As yesterday marked the one month anniversary of the release of the Neo Geo X, we thought it would be the perfect time to reflect on what games we’re most anxious to play next. From The Last Blade to Bust-a-Move, these ten titles represent the best genres the Neo Geo platform has to offer and would make perfect additions to the console via game cards. After all, we’ve played so much NAM-1975 that we’re having war flashbacks; and so much Mutation Nation that we’re having nightmares.

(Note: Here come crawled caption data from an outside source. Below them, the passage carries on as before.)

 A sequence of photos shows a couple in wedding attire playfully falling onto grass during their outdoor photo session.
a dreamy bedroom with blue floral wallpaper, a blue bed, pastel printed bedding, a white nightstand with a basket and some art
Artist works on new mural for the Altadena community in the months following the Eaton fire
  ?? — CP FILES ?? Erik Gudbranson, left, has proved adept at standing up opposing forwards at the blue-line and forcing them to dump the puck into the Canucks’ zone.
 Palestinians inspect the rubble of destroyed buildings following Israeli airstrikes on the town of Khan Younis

What do you get when you cross anime with a conventional 2D fighter? Why Waku Waku 7, of course! WW7 is one of the lesser known fighters on the Neo Geo (which is a travesty, by the way), yet it’s absolutely delightful. As indicated in the title itself, the game features seven playable characters (with an additional two if you’re playing the versus component) and feels both familiar and new in terms of gameplay. While it offers a few unique mechanics, it’s mostly what you’d expect from an SNK fighter. Why it ends up being so special though, is a result of super tight gameplay. In all honesty, Waku has some of the soundest mechanics of all Neo Geo games. When coupled with the vibrant graphics, high production values and some awesomely zany super moves, Waku Waku 7 is truly a cut above the rest.

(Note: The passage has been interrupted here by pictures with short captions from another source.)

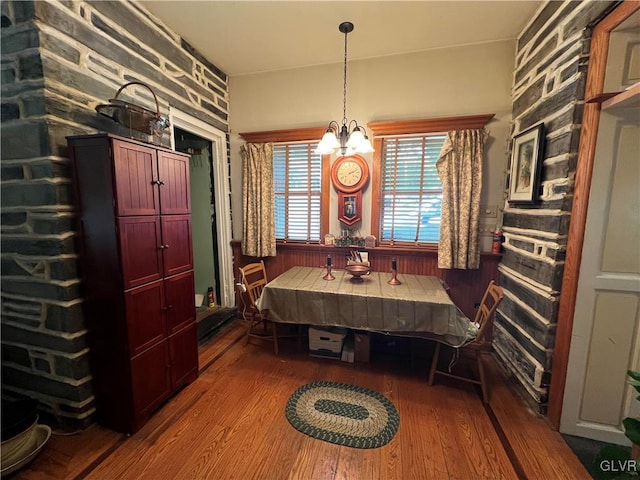 dining area featuring wood-type flooring and an inviting chandelier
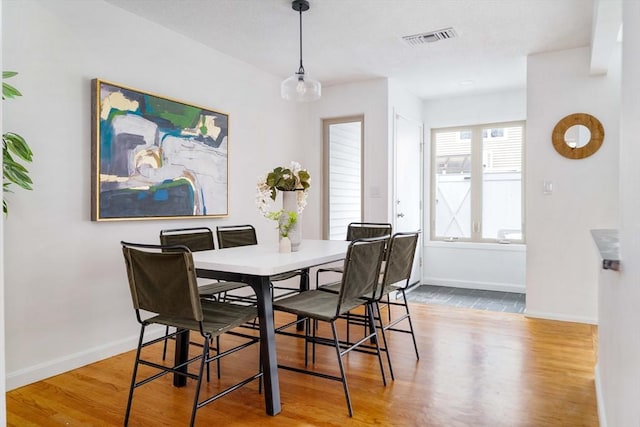 dining room featuring wood finished floors and baseboards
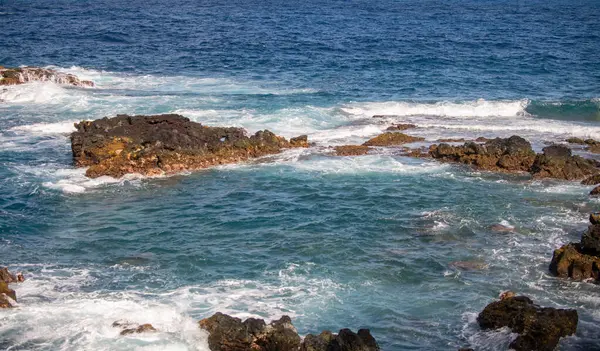 stock image Sea background. Ocean wave crashing on rock coast with spray and foam before storm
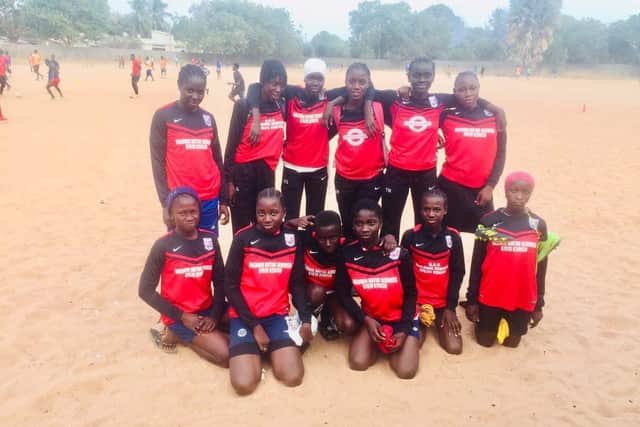 Children in Gambia wearing kits donated by Teversal FC.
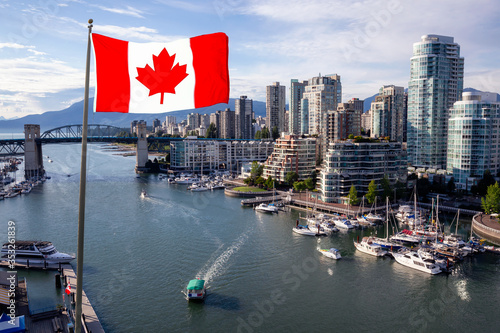 National Canadian Flag with Modern Downtown City in Background during Sunset. Taken in False Creek, Vancouver, British Columbia, Canada. Aerial Composite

Nothing says a good time like a solid puzzler. Magical Drop III is the third installment in a franchise about which i too often forgotten. Although it’s not the final chapter in the series, it’s the most refined of the bunch. Offering typical Magical Drop gameplay akin to something like Bust-a-Move, this third game is all about quick decision making, feverish action and responsive controls. The game’s prized attribute is its Magical Journey mode; an expansive experience similar to playing a board game where players traverse a world map space by space in order to reach a final battle that is heinously challening. The truth is, Magical Drop III offers some of the fastest, toughest puzzling around. It’s also huge to boot, thanks to all of its features such as the Challenge and Survival modes, 16 playable characters, as well as the ability to go head-to-head with a buddy. This is a deep puzzle game that sits in the upper echelon, not just on the Geo, but on any system.

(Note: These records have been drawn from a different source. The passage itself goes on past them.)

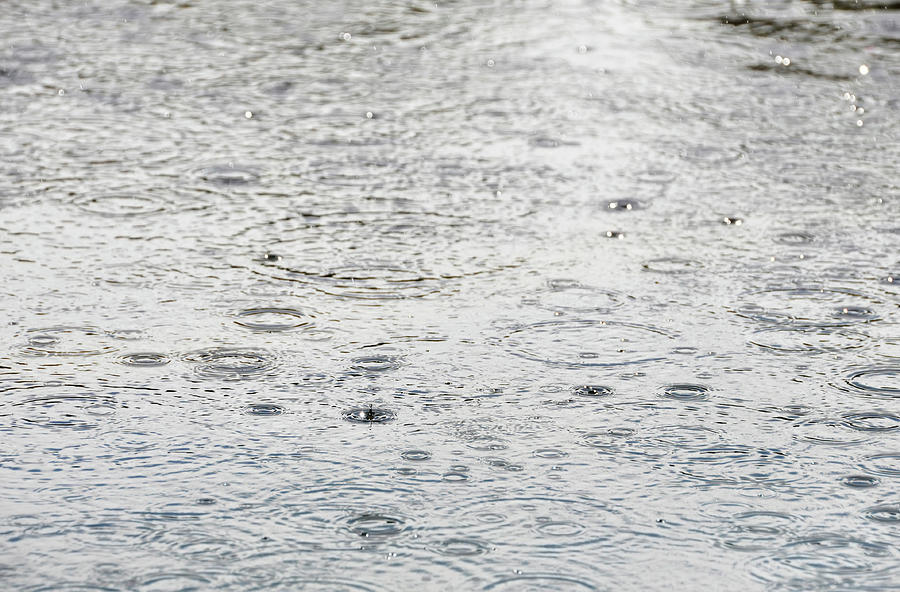 Raindrops on the water surface Photograph by Dutourdumonde Photography ...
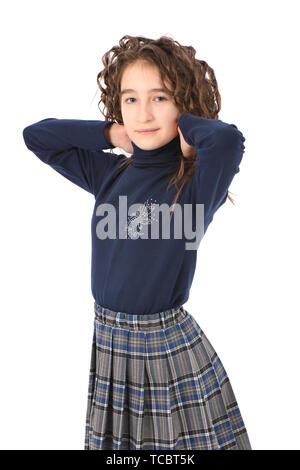 Portrait of smiling adorable petite fille écolière avec curl cheveux isolé sur fond blanc Banque D'Images
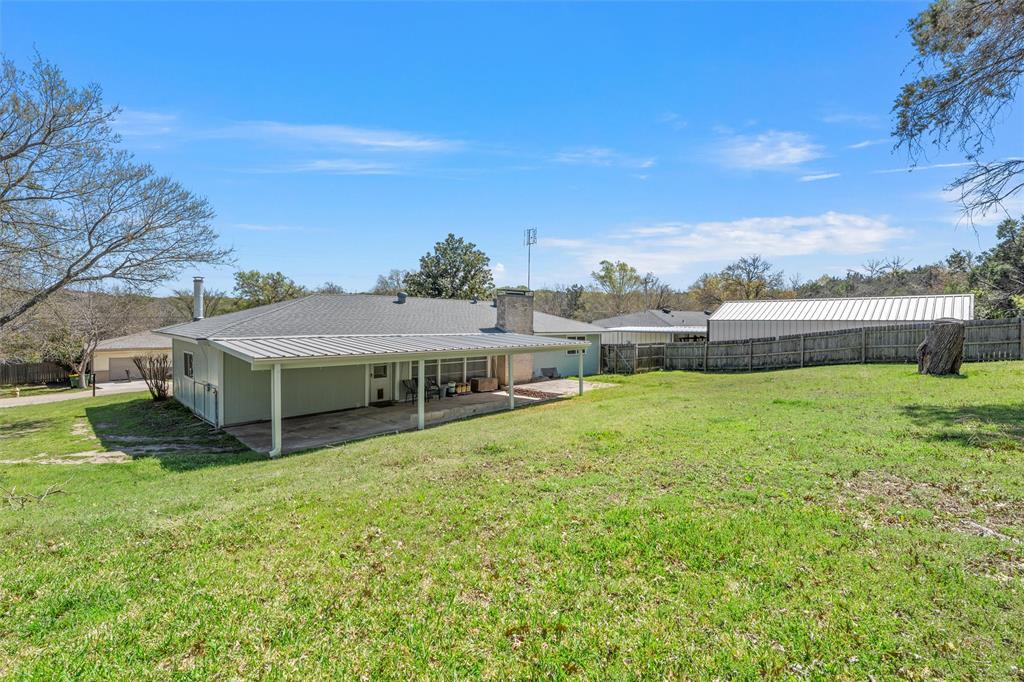 110 Butler Drive Valley Mills, TX 76689 - Photo 25 of 26 a view of a house with a big yard potted plants and a large tree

Another fighter? Yep, another fighter. Much like Samurai Shodown, The Last Blade is a weapon-based brawler considered to be the spiritual successor to the Shodown series. It’s thought of this due to how it’s setup, which provides two selectable fighting styles, a distinct combo system and the much adored “deflect” feature. Most notable is the ability to choose one’s play style, which is broken down into “Speed” and “Power” modes. The former lets players chain together normal attacks into super moves, and also to unleash speed combos, while the latter increases damage output and huge special attacks, at the cost of needing low health to execute. The best part about The Last Blade is its reception from fans and critics alike. In fact, some consider it the finest fighter on the console. Though that’s a matter of personal preference, really, one cannot deny the simple fact that its unique selling points are what set it apart from the crowd. It’s gorgeous, fluid fun, and highly recommended to anyone who enjoys vigorous fighting games.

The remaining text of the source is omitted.